A letter-for-letter copy of the listing is required, with no pictures in it.

• Information shown:
◆ ◆ ◆ ◆ ◆

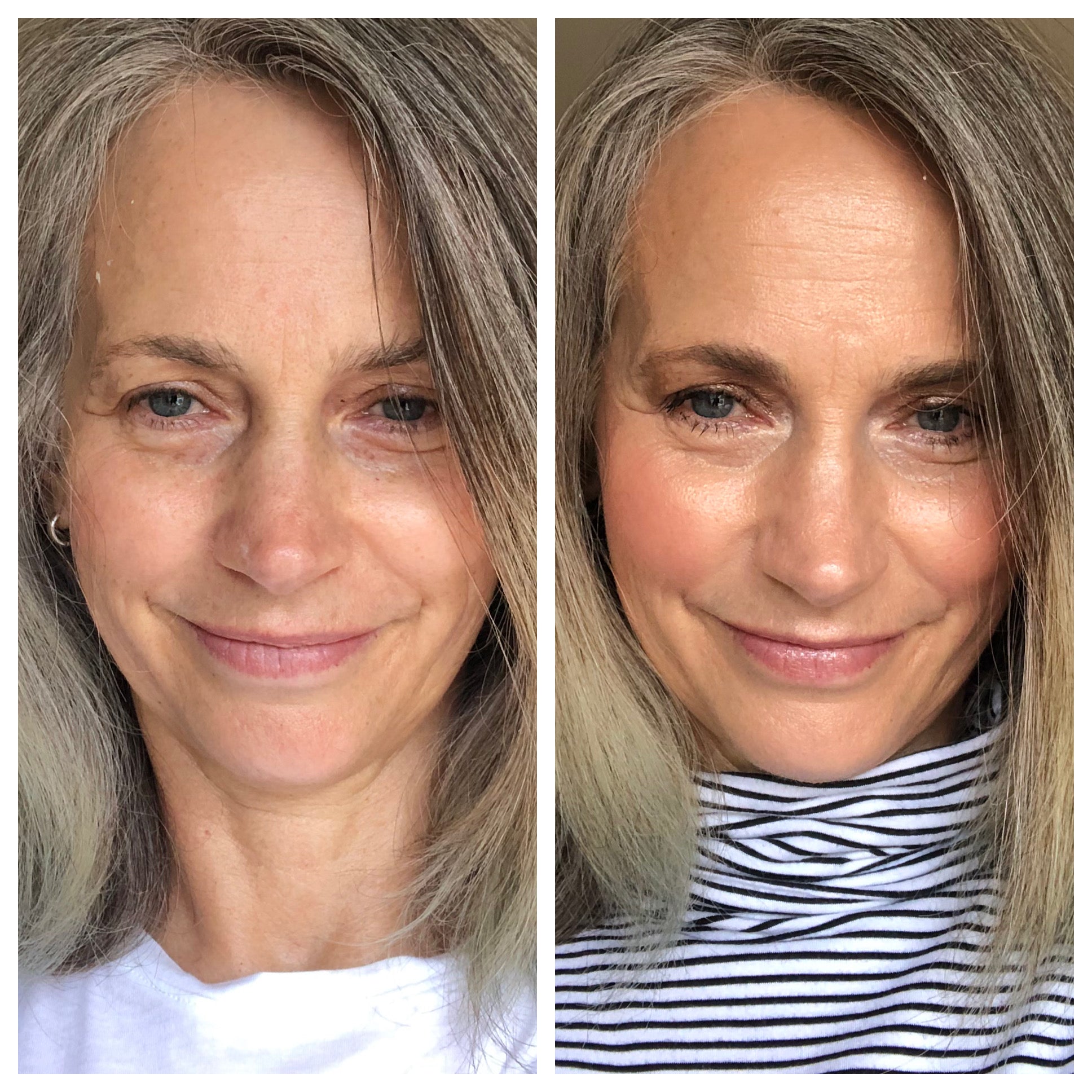 before_after_over40s_kerilee
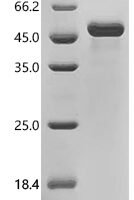 Human Interleukin-1 beta (IL1B) Recombinant Protein - BioCrest Sci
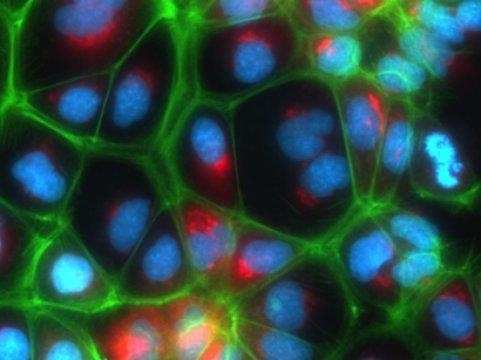 이스라엘과 독일 과학자들이 실험실에서 간 세포를 만들어 증식시키는 데 성공했다. 사진은 연구진이 만든 간세포가 형광으로 염색해 밝게 빛나는 모습. 이스라엘 헤브루대 제공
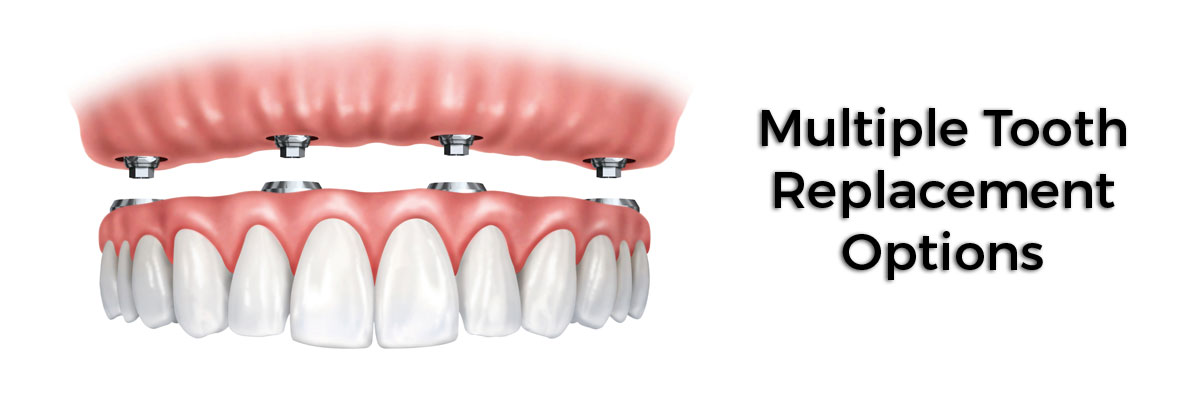 Visalia Multiple Teeth Replacement Options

◆ ◆ ◆ ◆ ◆

• Result of this exercise:
 before_after_over40s_kerilee
 Human Interleukin-1 beta (IL1B) Recombinant Protein - BioCrest Sci
 이스라엘과 독일 과학자들이 실험실에서 간 세포를 만들어 증식시키는 데 성공했다. 사진은 연구진이 만든 간세포가 형광으로 염색해 밝게 빛나는 모습. 이스라엘 헤브루대 제공
 Visalia Multiple Teeth Replacement Options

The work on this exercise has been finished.